- Study material
# # #

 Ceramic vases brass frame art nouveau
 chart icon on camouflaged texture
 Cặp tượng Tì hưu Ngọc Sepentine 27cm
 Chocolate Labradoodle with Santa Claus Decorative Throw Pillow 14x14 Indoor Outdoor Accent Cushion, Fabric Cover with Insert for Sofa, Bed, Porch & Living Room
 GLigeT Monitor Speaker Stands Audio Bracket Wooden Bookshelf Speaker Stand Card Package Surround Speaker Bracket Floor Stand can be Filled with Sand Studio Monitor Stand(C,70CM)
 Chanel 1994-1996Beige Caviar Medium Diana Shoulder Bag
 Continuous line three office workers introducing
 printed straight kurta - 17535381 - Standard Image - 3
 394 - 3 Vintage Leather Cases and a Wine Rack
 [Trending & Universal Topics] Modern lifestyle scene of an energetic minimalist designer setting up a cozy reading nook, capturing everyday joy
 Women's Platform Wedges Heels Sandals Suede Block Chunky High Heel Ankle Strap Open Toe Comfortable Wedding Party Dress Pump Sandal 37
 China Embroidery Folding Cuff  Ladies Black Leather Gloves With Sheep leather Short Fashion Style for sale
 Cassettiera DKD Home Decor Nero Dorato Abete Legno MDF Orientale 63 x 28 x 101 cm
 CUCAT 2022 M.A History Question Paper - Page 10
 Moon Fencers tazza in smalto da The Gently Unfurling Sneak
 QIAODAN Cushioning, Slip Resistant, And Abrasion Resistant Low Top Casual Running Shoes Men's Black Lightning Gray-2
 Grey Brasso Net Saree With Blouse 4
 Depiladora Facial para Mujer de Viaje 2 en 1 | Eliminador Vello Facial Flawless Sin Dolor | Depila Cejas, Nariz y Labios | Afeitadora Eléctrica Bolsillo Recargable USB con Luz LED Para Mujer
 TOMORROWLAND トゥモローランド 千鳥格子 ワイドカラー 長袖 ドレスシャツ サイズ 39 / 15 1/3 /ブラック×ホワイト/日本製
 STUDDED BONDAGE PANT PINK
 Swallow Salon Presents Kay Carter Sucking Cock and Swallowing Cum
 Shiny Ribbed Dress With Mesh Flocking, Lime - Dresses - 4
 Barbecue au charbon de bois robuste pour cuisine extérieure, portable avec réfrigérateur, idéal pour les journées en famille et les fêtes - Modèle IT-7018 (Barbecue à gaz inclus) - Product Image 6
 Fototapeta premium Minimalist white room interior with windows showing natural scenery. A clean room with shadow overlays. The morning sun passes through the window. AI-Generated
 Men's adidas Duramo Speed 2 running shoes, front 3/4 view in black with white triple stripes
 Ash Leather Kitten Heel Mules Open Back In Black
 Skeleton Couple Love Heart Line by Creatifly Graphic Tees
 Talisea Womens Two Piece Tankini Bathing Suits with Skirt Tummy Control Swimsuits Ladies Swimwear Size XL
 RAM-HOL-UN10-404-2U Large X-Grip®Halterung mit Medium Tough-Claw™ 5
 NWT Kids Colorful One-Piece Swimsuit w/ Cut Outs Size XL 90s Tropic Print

# # #

- Assigned task
Please reproduce the material in its entirety, exactly as it stands.

- Solution to this exercise
 Ceramic vases brass frame art nouveau
 chart icon on camouflaged texture
 Cặp tượng Tì hưu Ngọc Sepentine 27cm
 Chocolate Labradoodle with Santa Claus Decorative Throw Pillow 14x14 Indoor Outdoor Accent Cushion, Fabric Cover with Insert for Sofa, Bed, Porch & Living Room
 GLigeT Monitor Speaker Stands Audio Bracket Wooden Bookshelf Speaker Stand Card Package Surround Speaker Bracket Floor Stand can be Filled with Sand Studio Monitor Stand(C,70CM)
 Chanel 1994-1996Beige Caviar Medium Diana Shoulder Bag
 Continuous line three office workers introducing
 printed straight kurta - 17535381 - Standard Image - 3
 394 - 3 Vintage Leather Cases and a Wine Rack
 [Trending & Universal Topics] Modern lifestyle scene of an energetic minimalist designer setting up a cozy reading nook, capturing everyday joy
 Women's Platform Wedges Heels Sandals Suede Block Chunky High Heel Ankle Strap Open Toe Comfortable Wedding Party Dress Pump Sandal 37
 China Embroidery Folding Cuff  Ladies Black Leather Gloves With Sheep leather Short Fashion Style for sale
 Cassettiera DKD Home Decor Nero Dorato Abete Legno MDF Orientale 63 x 28 x 101 cm
 CUCAT 2022 M.A History Question Paper - Page 10
 Moon Fencers tazza in smalto da The Gently Unfurling Sneak
 QIAODAN Cushioning, Slip Resistant, And Abrasion Resistant Low Top Casual Running Shoes Men's Black Lightning Gray-2
 Grey Brasso Net Saree With Blouse 4
 Depiladora Facial para Mujer de Viaje 2 en 1 | Eliminador Vello Facial Flawless Sin Dolor | Depila Cejas, Nariz y Labios | Afeitadora Eléctrica Bolsillo Recargable USB con Luz LED Para Mujer
 TOMORROWLAND トゥモローランド 千鳥格子 ワイドカラー 長袖 ドレスシャツ サイズ 39 / 15 1/3 /ブラック×ホワイト/日本製
 STUDDED BONDAGE PANT PINK
 Swallow Salon Presents Kay Carter Sucking Cock and Swallowing Cum
 Shiny Ribbed Dress With Mesh Flocking, Lime - Dresses - 4
 Barbecue au charbon de bois robuste pour cuisine extérieure, portable avec réfrigérateur, idéal pour les journées en famille et les fêtes - Modèle IT-7018 (Barbecue à gaz inclus) - Product Image 6
 Fototapeta premium Minimalist white room interior with windows showing natural scenery. A clean room with shadow overlays. The morning sun passes through the window. AI-Generated
 Men's adidas Duramo Speed 2 running shoes, front 3/4 view in black with white triple stripes
 Ash Leather Kitten Heel Mules Open Back In Black
 Skeleton Couple Love Heart Line by Creatifly Graphic Tees
 Talisea Womens Two Piece Tankini Bathing Suits with Skirt Tummy Control Swimsuits Ladies Swimwear Size XL
 RAM-HOL-UN10-404-2U Large X-Grip®Halterung mit Medium Tough-Claw™ 5
 NWT Kids Colorful One-Piece Swimsuit w/ Cut Outs Size XL 90s Tropic Print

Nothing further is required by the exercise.